The book is in good condition for its age. It measures 8 1/2 x 5 inches wide, with a tight binding, wear at the heel and crown of the spine, the gilt on the rules of the spine are a bit faded, there’s modest rubbing along the edges of the boards and at the tips, Gottlieb Kloz’s name is worn on the first title page, there are corner creases, brown spots, and waters marks on some pages, the illustrations are rather clear and clean, and overall the book has held up well for its age.
WorldCat shows there are seven six-volume sets from 1821 to 1826 in Special Collections around the world: at the University of Basel and the University of Bern in Switzerland, the University of Glasgow in Scotland, the National Library of France in Paris (Bibliotheque Nationale de France), Cambridge in the UK, Wissenschaftliche Stadtbibliothek in Mainz, and MIT in Boston, and the set at Cambridge is actually six volumes-in-three from 1821 to 1822 - and two more sites supposedly had the sets in their collections, but when we checked, the sets were no longer listed in their holdings (the National Library of Scotland and the University of Pisa in Italy), so the sets are rare, as well as the individual title here.
There aren't many auction or sales records for the book.
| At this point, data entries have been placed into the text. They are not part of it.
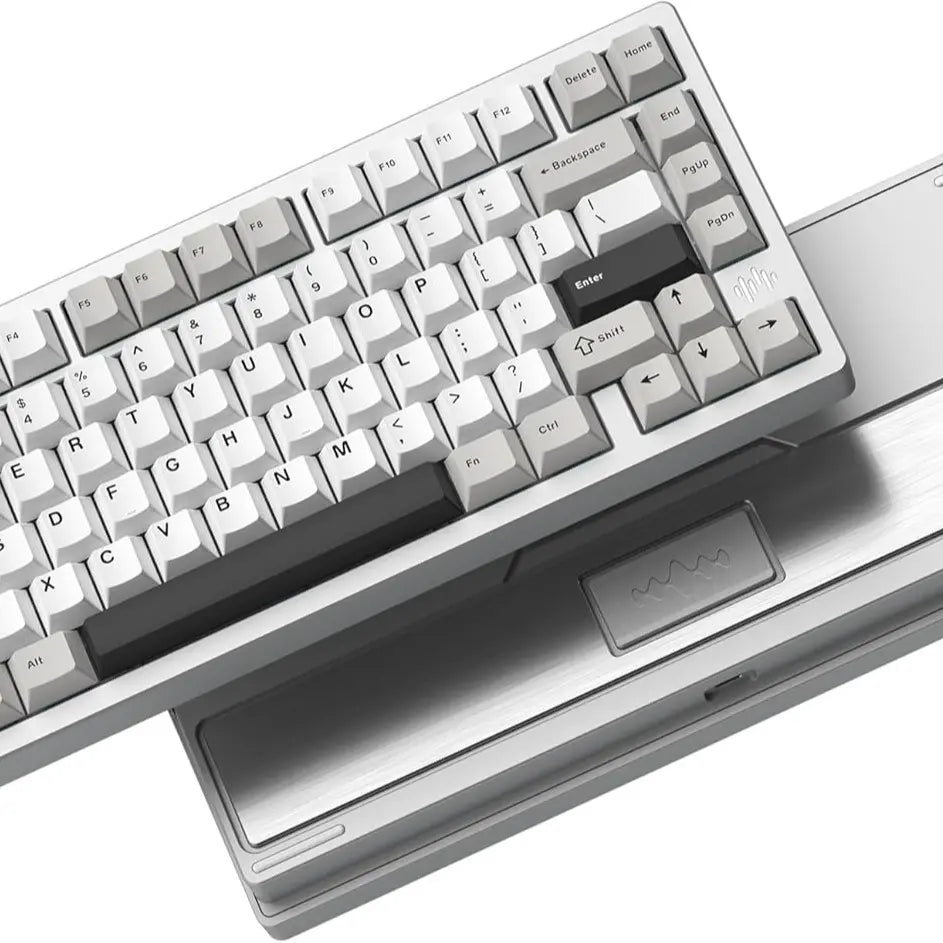 Womier RD75 Pro 75% Wireless Mechanical Gaming Keyboard with Quick Release Aluminum Design and QMK/VIA Tri-Mode Functionality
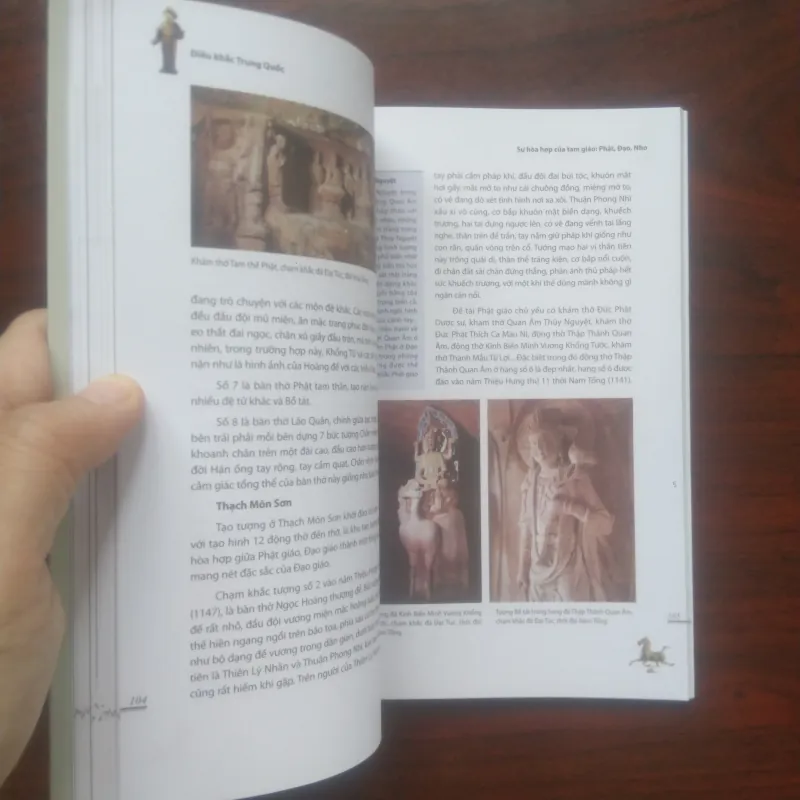 [Sách Mỹ Thuật] Điêu Khắc Trung Quốc (Triệu Văn Binh) Full Color 936999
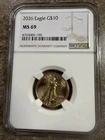 2026 GOLD EAGLE $10 1/4oz COIN NGC MS69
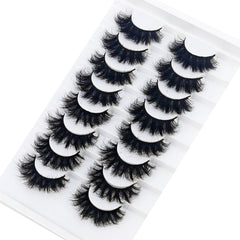 5-14Pairs Fluffy Lashes 10-25mm 3D Mink Lashes Long Thick Natural False Eyelashes Wholesale Lashes Vendors Makeup Mink Eyelashes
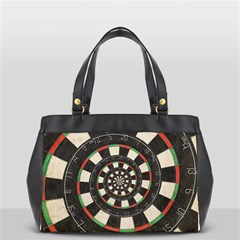 Spiral Dart Board Droste Effect  Oversize Office Handbag (2 Sides) from ArtsNow.com Front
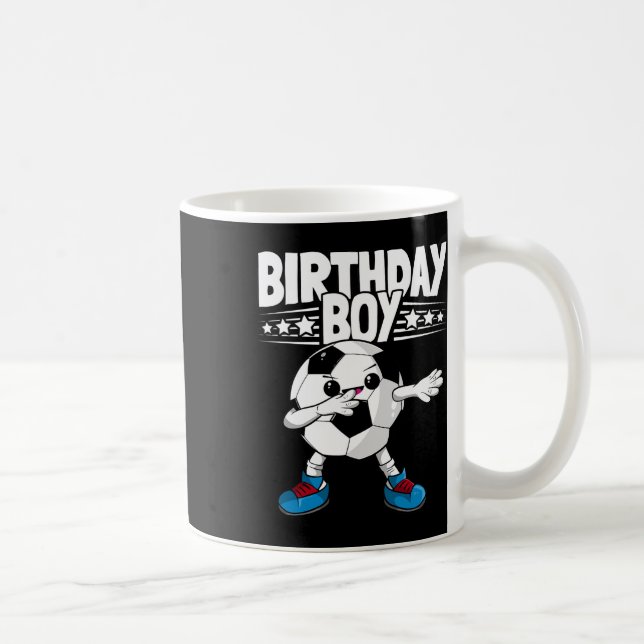 Lustiger Dabbing Fußball Geburtstag Junge Kinder J Kaffeetasse (Rechts)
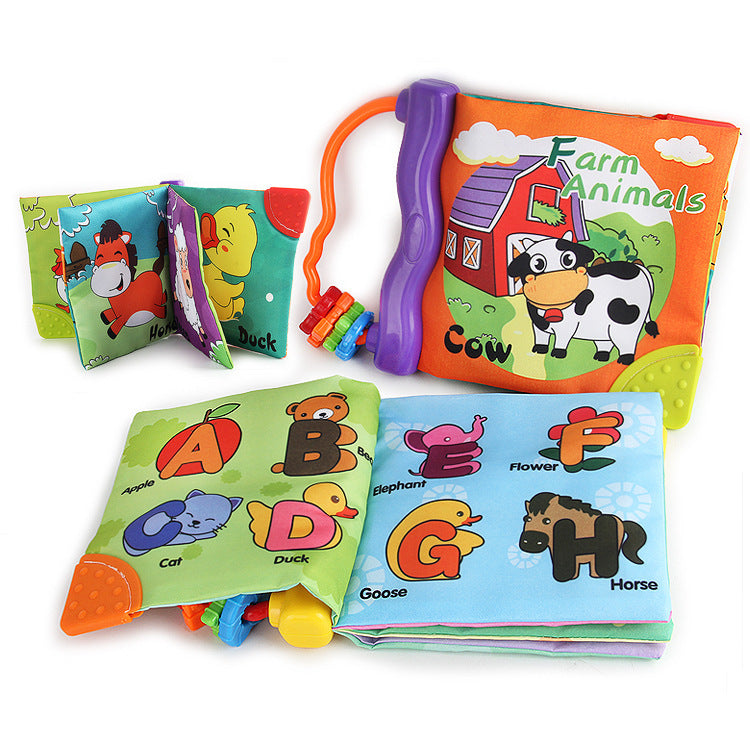 Large Cloth Book, Baby Cloth Book, Baby Palm Book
Invaluable sold a three-volume set (six volumes in three bindings) for €1200 in 2010 (about $1600) and a six-volume set for €2600 in 2021 (about $3100), and the rare book website we use is selling just two of the six-volume set from 1821 to 1826 for almost $400, one volume from the set of six from 1821 to 1826 for $215, two seven-volume sets from 1979 are selling for $216 and $294, and we are starting the bidding low for this unique piece of German occult literature to get things going.